Mollah Mohammad Manir Hossain, Jamal Rahman, Mokhtar Norfilza Mohd, Harun Roslan, Mollah Md Nurul Haque
Institut Perubatan Molekul UKM (UMBI), University Kebangsaan Malaysia (UKM), Jalan Ya'acob Latiff, Bandar Tun Razak, Cheras 56000 Kuala Lumpur, Malaysia.
Institut Perubatan Molekul UKM (UMBI), University Kebangsaan Malaysia (UKM), Jalan Ya'acob Latiff, Bandar Tun Razak, Cheras 56000 Kuala Lumpur, Malaysia; Department of Physiology, Faculty of Medicine, Universiti Kebangsaan Malaysia, Kuala Lumpur, Malaysia.
PLoS One. 2015 Sep 28;10(9):e0138810. doi: 10.1371/journal.pone.0138810. eCollection 2015.

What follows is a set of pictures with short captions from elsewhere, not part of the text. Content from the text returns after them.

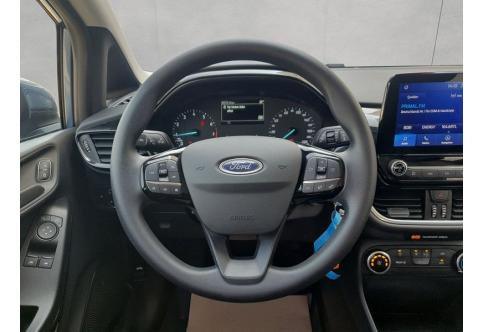 Ford Fiesta #11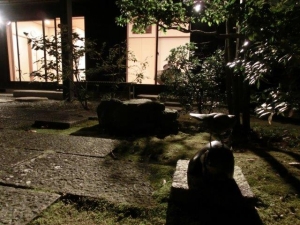 夜の庭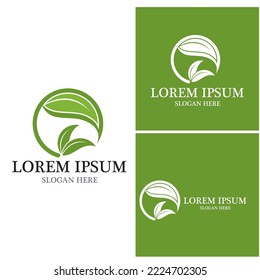 Nature leaf icon and symbol template vector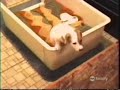 The Great Escape -  Grandes Escapadas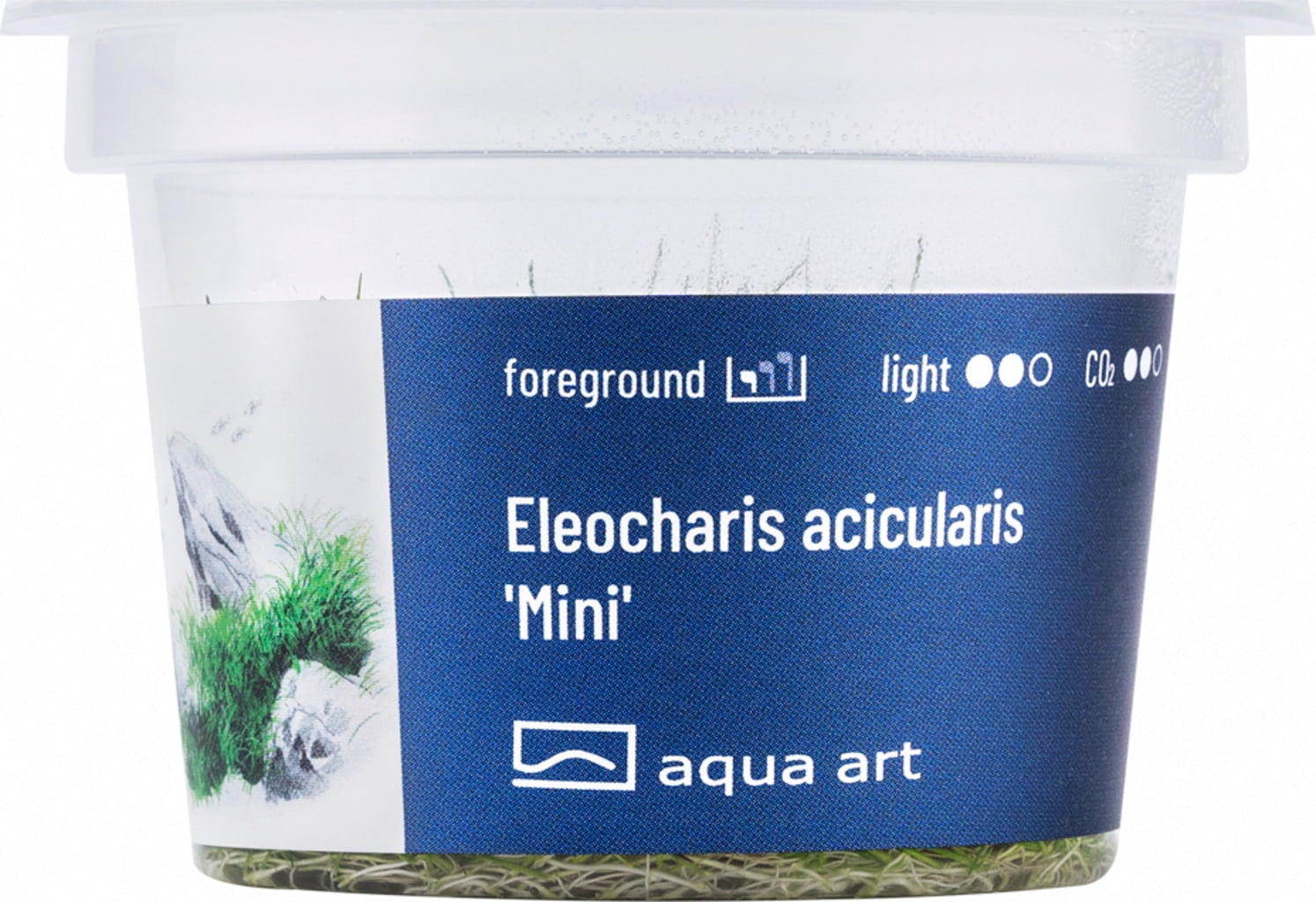 Eleocharis acicularis Mini Eleocharis acicularis Mini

Identifying genes that are differentially expressed (DE) between two or more conditions with multiple patterns of expression is one of the primary objectives of gene expression data analysis. Several statistical approaches, including one-way analysis of variance (ANOVA), are used to identify DE genes. However, most of these methods provide misleading results for two or more conditions with multiple patterns of expression in the presence of outlying genes. In this paper, an attempt is made to develop a hybrid one-way ANOVA approach that unifies the robustness and efficiency of estimation using the minimum β-divergence method to overcome some problems that arise in the existing robust methods for both small- and large-sample cases with multiple patterns of expression.

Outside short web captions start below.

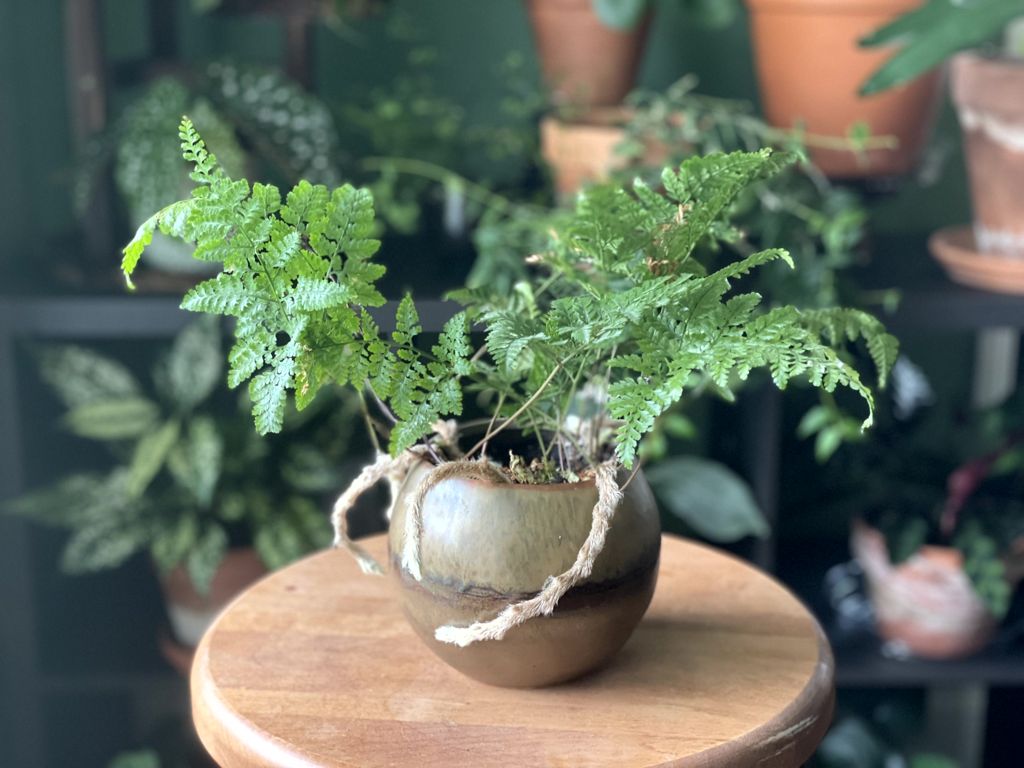 Rabbit Foot Fern 2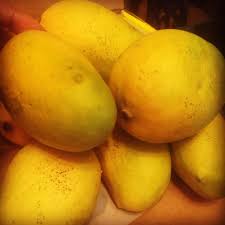 Jean Ellen Mango Aam Grafted Healthy Fruit Plant
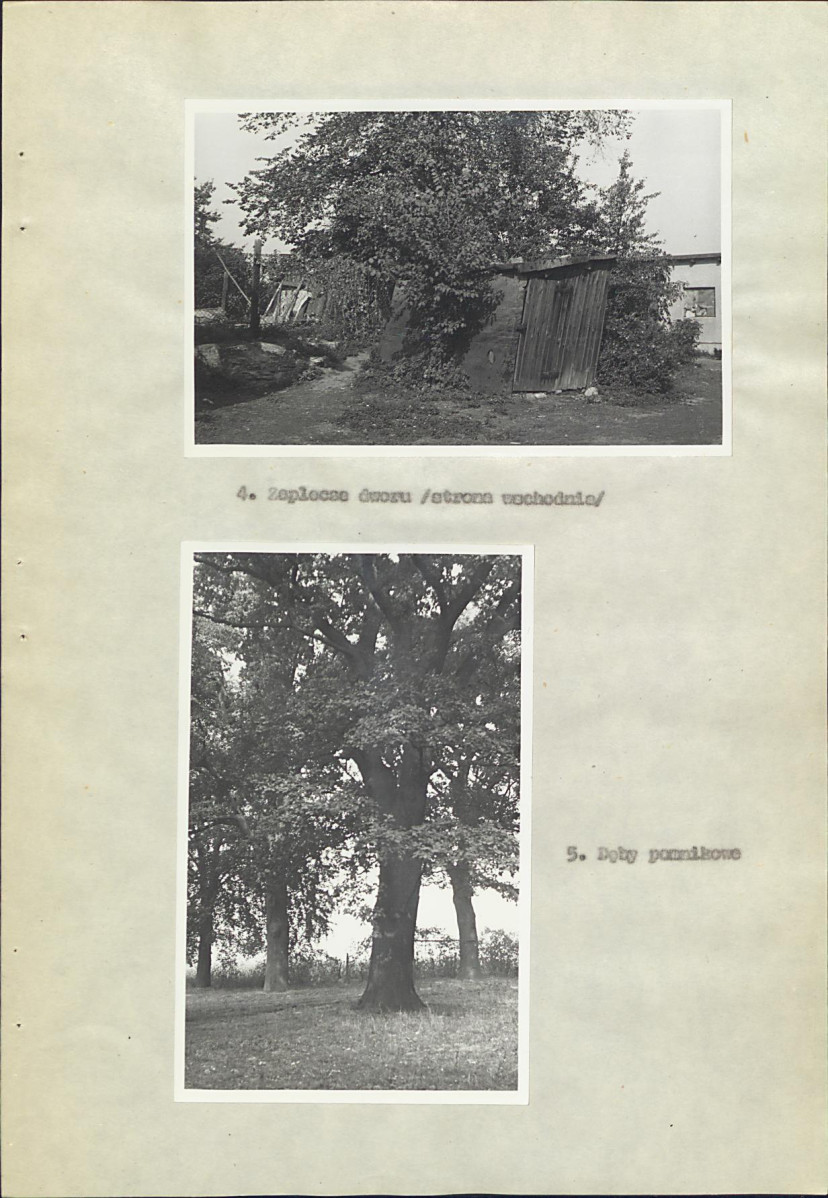 EP - Ewidencja parkowa, skan nr 23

The proposed method relies on a β-weight function, which produces values between 0 and 1. The β-weight function with β = 0.2 is used as a measure of outlier detection. It assigns smaller weights (≥ 0) to outlying expressions and larger weights (≤ 1) to typical expressions. The distribution of the β-weights is used to calculate the cut-off point, which is compared to the observed β-weight of an expression to determine whether that gene expression is an outlier. This weight function plays a key role in unifying the robustness and efficiency of estimation in one-way ANOVA.

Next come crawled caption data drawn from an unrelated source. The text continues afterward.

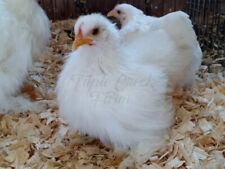 Quality bantam white for sale  Stantonsburg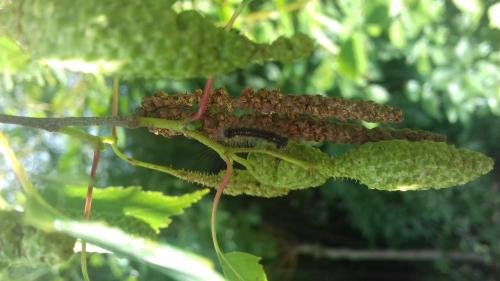 Lymantria dispar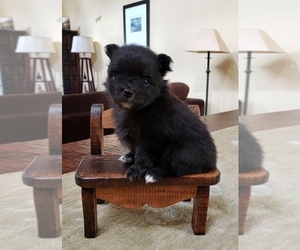 Pomeranian Puppy for sale in MONTEREY, CA, USA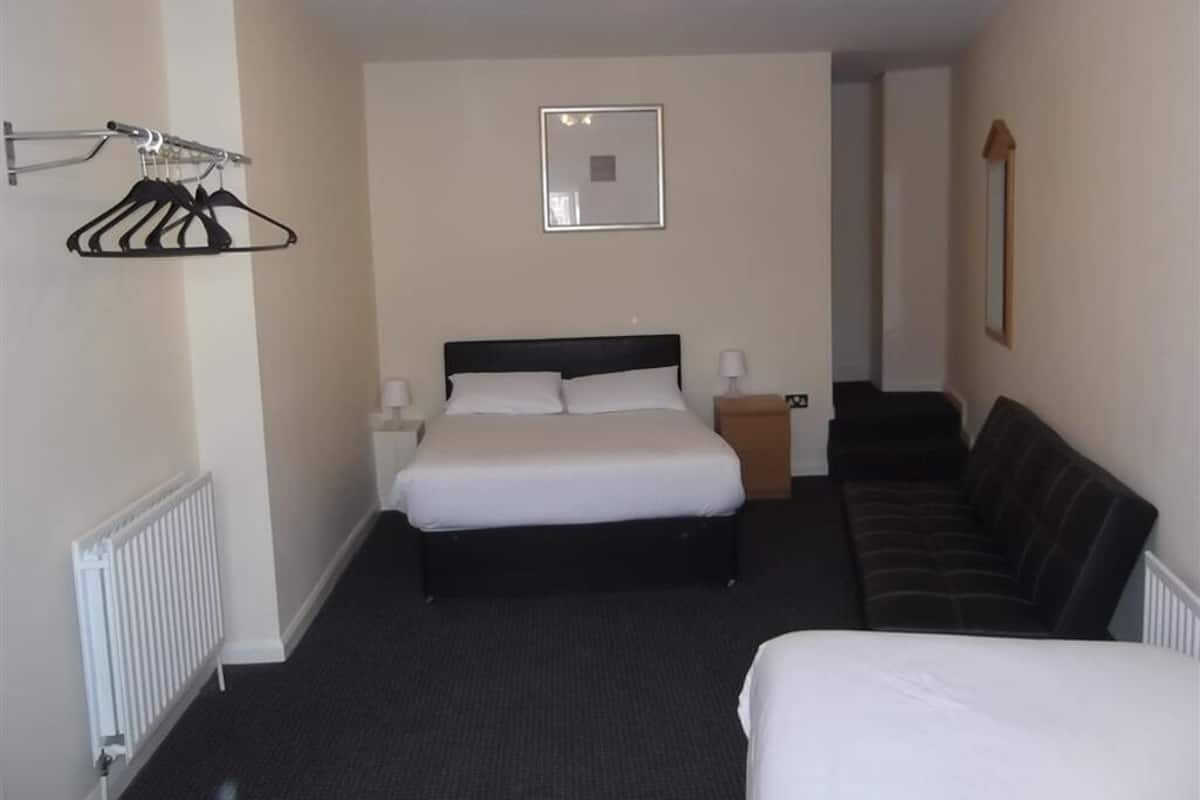A hotel room with a bed, a sofa, a radiator, a hanging clothes rack, a bedside table with a lamp, and a framed picture on the wall.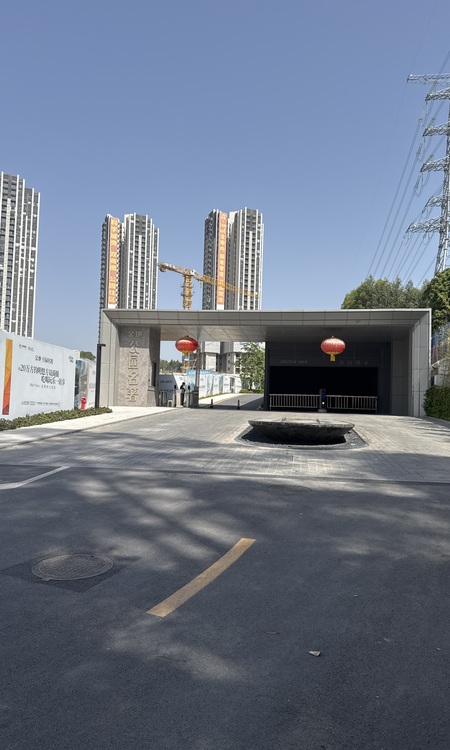 金地·公园名著施工进度图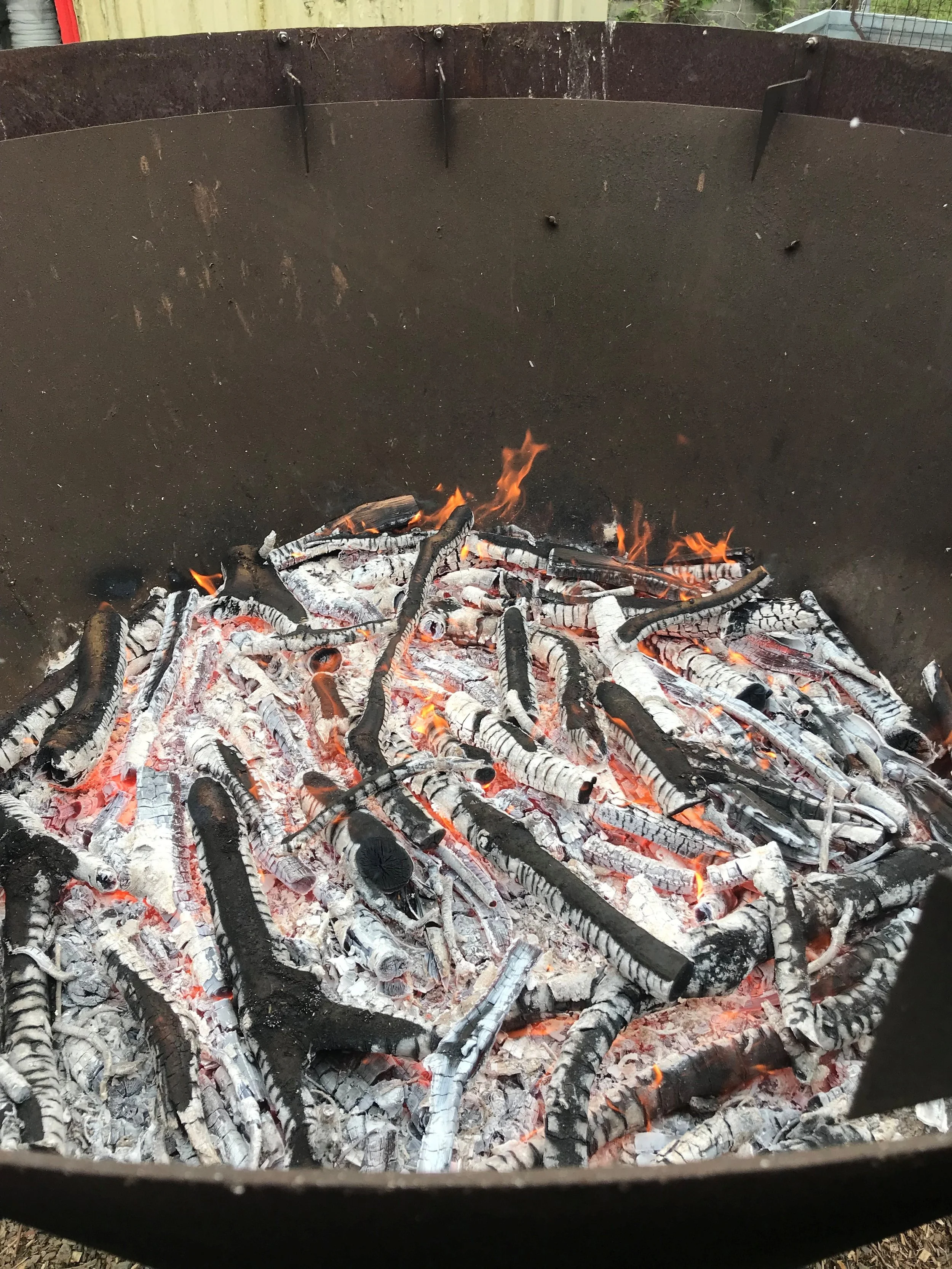 Biochar Magic with Peni Ediker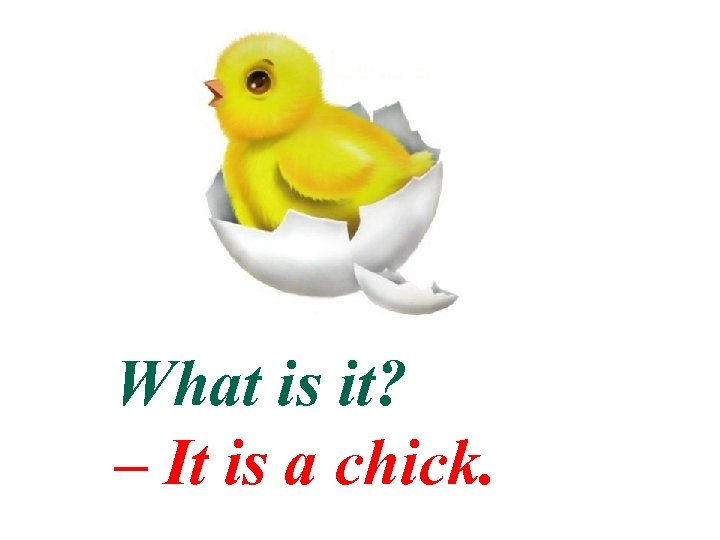 What is it? – It is a chick.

Analyses of simulated gene expression profiles revealed that all eight methods (ANOVA, SAM, LIMMA, EBarrays, eLNN, KW, robust BetaEB and proposed) perform almost identically for m = 2 conditions in the absence of outliers. However, the robust BetaEB method and the proposed method exhibited considerably better performance than the other six methods in the presence of outliers. In this case, the BetaEB method exhibited slightly better performance than the proposed method for the small-sample cases, but the the proposed method exhibited much better performance than the BetaEB method for both the small- and large-sample cases in the presence of more than 50% outlying genes. The proposed method also exhibited better performance than the other methods for m > 2 conditions with multiple patterns of expression, where the BetaEB was not extended for this condition. Therefore, the proposed approach would be more suitable and reliable on average for the identification of DE genes between two or more conditions with multiple patterns of expression.
识别在两种或更多具有多种表达模式的条件之间差异表达(DE)的基因是基因表达数据分析的主要目标之一。包括单向方差分析(ANOVA)在内的几种统计方法被用于识别差异表达基因。然而,在存在异常基因的情况下,对于两种或更多具有多种表达模式的条件,这些方法中的大多数都会给出误导性结果。本文尝试开发一种混合单向方差分析方法,该方法使用最小β-散度法统一估计的稳健性和效率,以克服现有稳健方法在具有多种表达模式的小样本和大样本情况下出现的一些问题。
所提出的方法依赖于一个β权重函数,该函数产生介于0和1之间的值。β = 0.2的β权重函数用作异常值检测的度量。它为异常表达分配较小的权重(≥0),为典型表达分配较大的权重(≤1)。β权重的分布用于计算截止点,将其与一个表达的观察到的β权重进行比较,以确定该基因表达是否为异常值。这个权重函数在统一单向方差分析中估计的稳健性和效率方面起着关键作用。
对模拟基因表达谱的分析表明,在没有异常值的情况下,对于m = 2种条件,所有八种方法(方差分析、SAM、LIMMA、EBarrays、eLNN、KW、稳健的BetaEB和所提出的方法)的表现几乎相同。然而,在存在异常值的情况下,稳健的BetaEB方法和所提出的方法表现出比其他六种方法明显更好的性能。在这种情况下,对于小样本情况,BetaEB方法表现略优于所提出的方法,但在存在超过50%异常基因的情况下,对于小样本和大样本情况,所提出的方法表现比BetaEB方法好得多。对于m > 2种具有多种表达模式的条件,所提出的方法也表现出比其他方法更好的性能,而BetaEB方法未针对这种情况进行扩展。因此,平均而言,所提出的方法对于识别两种或更多具有多种表达模式的条件之间的差异表达基因将更合适且可靠。